[Data provided]
::::::::::
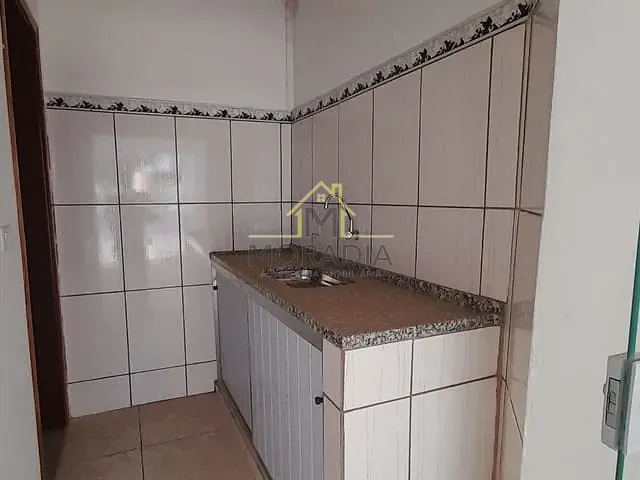 Ponto com 2m², para alugar, no bairro Centro em Guaxupé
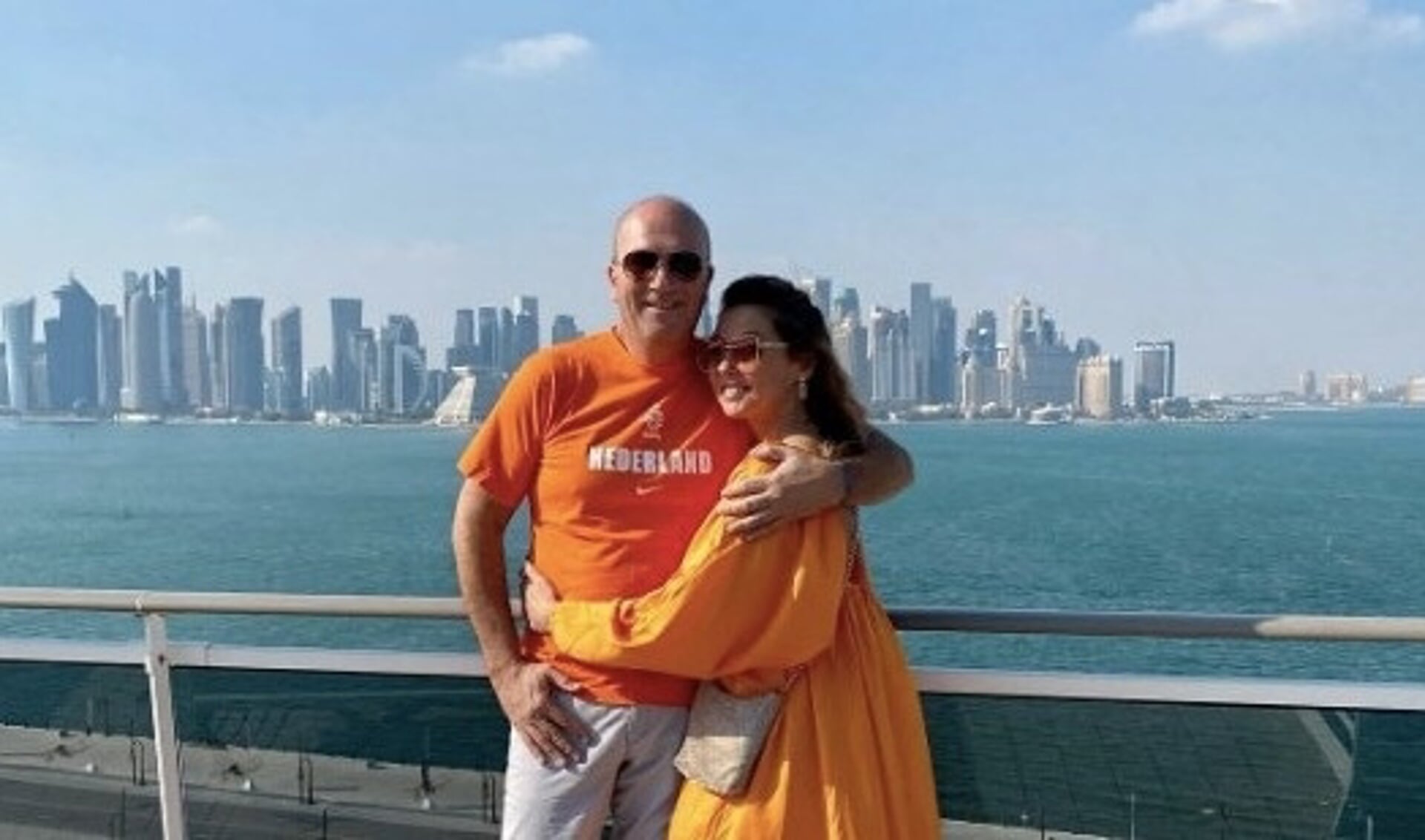 Vera met haar man op de MSC World Europe in Qatar.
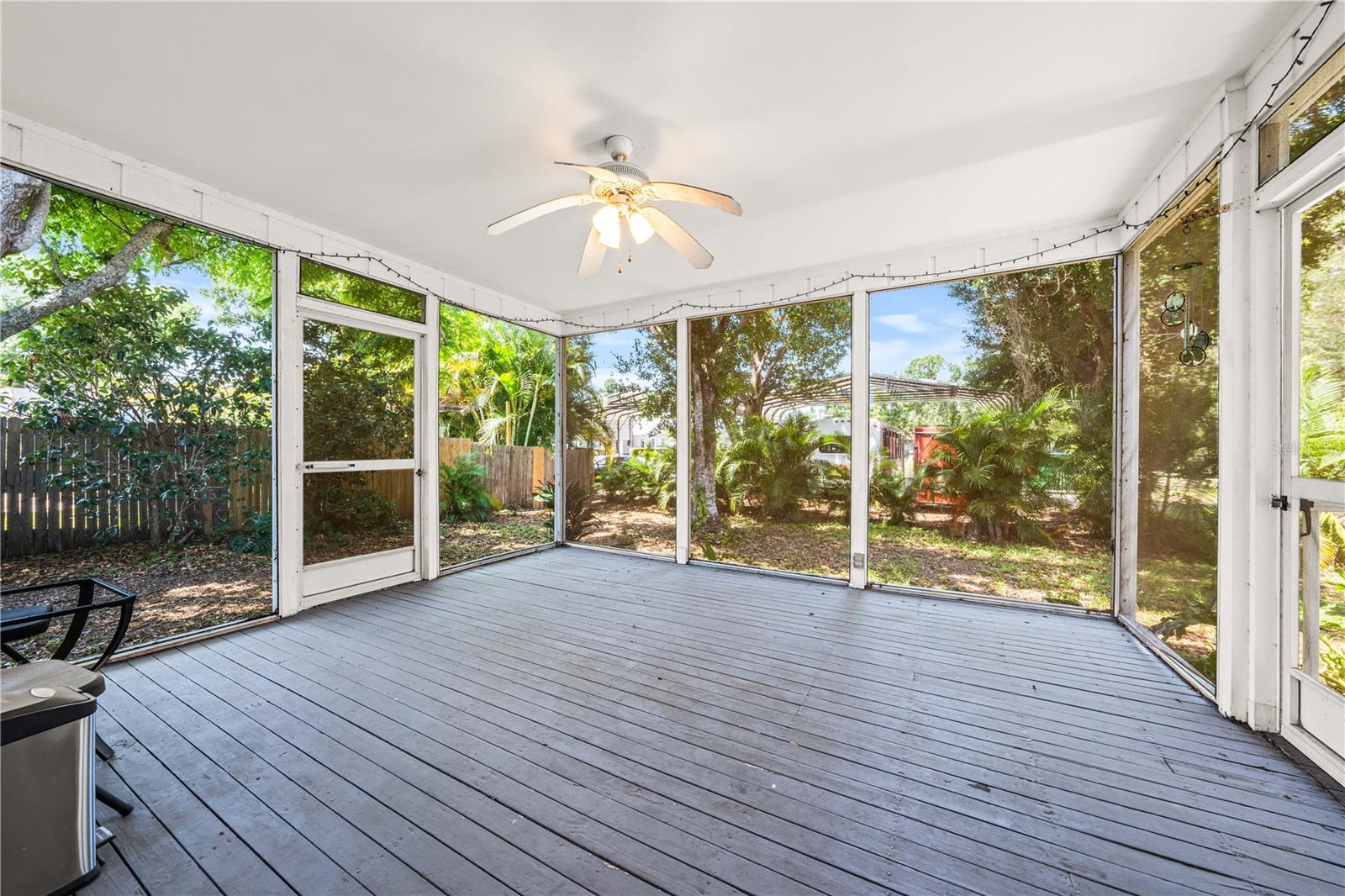 Image 31 of 57 For 4424 Meadow Creek Circle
::::::::::
[Task details] Inclusive range, exact copy: the line containing "Vera met haar" through the last line of the listing. Print nothing else, and no pictures.

[Answer below]
 Vera met haar man op de MSC World Europe in Qatar.
 Image 31 of 57 For 4424 Meadow Creek Circle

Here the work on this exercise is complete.